What is needed for boards comprised of predominantly volunteer board members is a system of professional development that engages volunteers, and equips them to govern schools diligently. The internet through online learning management systems provide an opportunity to develop professional learning for board members, both at a national level by regulators as well as at an industry wide and individual school level for sharing and developing specific expertise, benchmarking, facilitating board appraisal and developing financial and non financial key performance indicators etc.
Specialist training could also be provided to Chairs of boards, helping them to understand and practice their role of administering board process and ensuring that board policy is in place to facilitate a healthy relationship between the CEO and the board, clarify accountability and authority, and outline efficient and effective board processes and strategic planning. Some work is being done in a limited way through consultancy and conferences in this space, however this writer believes that a more focussed and rigorous curriculum needs to be developed to ensure that board members of the future are equipped to fulfil their important roles. Gone are the days when board members can hold a passive trusteeship role.
Resolve is committed to the professional learning and training of board members, chairs and CEO’s. In 2013 we will be re launching our Resolve Equipper series of training programs with two practical hands on workshop style courses in governance and school business operations. As these courses are developed we will provide more information to clients in relation to dates and course content.
As we move forward into an era where school and professional learning is delivered through a multitude of formats, it becomes imperative that all involved in education including students, classroom teachers support services staff, school principals and executive, board members and parents recognise and understand the need for linking and leveraging these resources. To accomplish this, a shift needs to occur so all board members and educational leaders should be able to answer the question, “How am I using digital age resources to improve governance, leadership, teacher practice and student learning?”
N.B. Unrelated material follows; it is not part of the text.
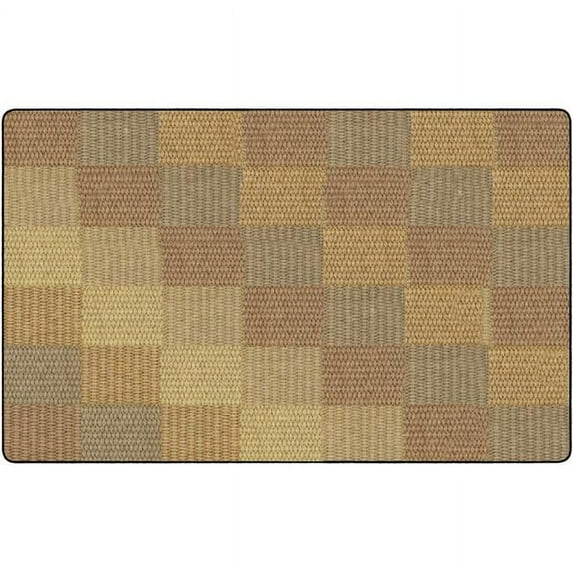 Flagship Carpets FA1010-44FS 7 ft. 6 x 12 Cozy Basketweave Blocks Classroom Rug, Natural - Rectangle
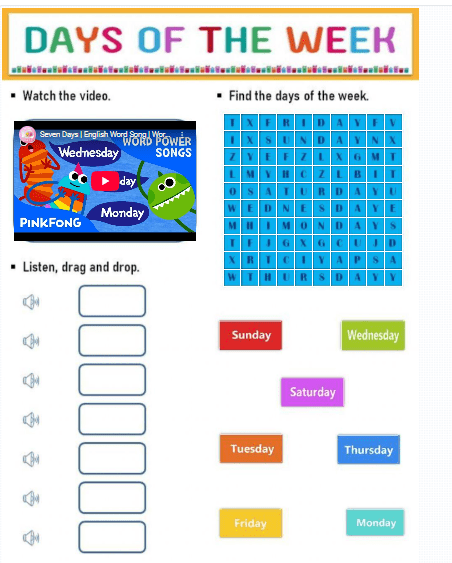Theme 2 - Days of the Week Worksheet by missandrearv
Essential to this vision are board leaders and Principals committed to establishing a culture of professional learning throughout our school communities. This is more than merely providing a venue for professional learning, where educators connect with instructional and pedagogical best practices in a collaborative community, which optimises opportunity for personal learning. Using the “field of dreams” analogy we cannot simply build a website or intranet portal, stock it with resources, and then sit back and expect our board, staff and students to flock to and use the site. Collaborative learning cultures can only succeed when there is clear leadership and strategic planning from the board down in an organisation.
School leaders need to set an example of lifelong learning, and build into the very fabric of the school culture a commitment to learning. This means you need to find adopters who are passionate about the potential of online learning options, and have a strategy for these adopters to “pump prime” the community with resources and content so as to help create the beginnings of and online community – to make the sites interesting places to visit and engage with. It is not sufficient to just expect everybody to start relating with each other online – just like in a flesh and blood community setting there needs to be the organisers in the community that set the ball rolling and get the party started so to speak.
The result of a strategic focus of professional learning, mixed with focussed staff resources and training provided to build capacity in the area of IT competency will help create a virtual community that leverages the experiences of experts who have succeeded in this arena, including those with deep experience in social networking, problem-based learning, digital literacy, and information management. This will improve engagement at all levels of the school community.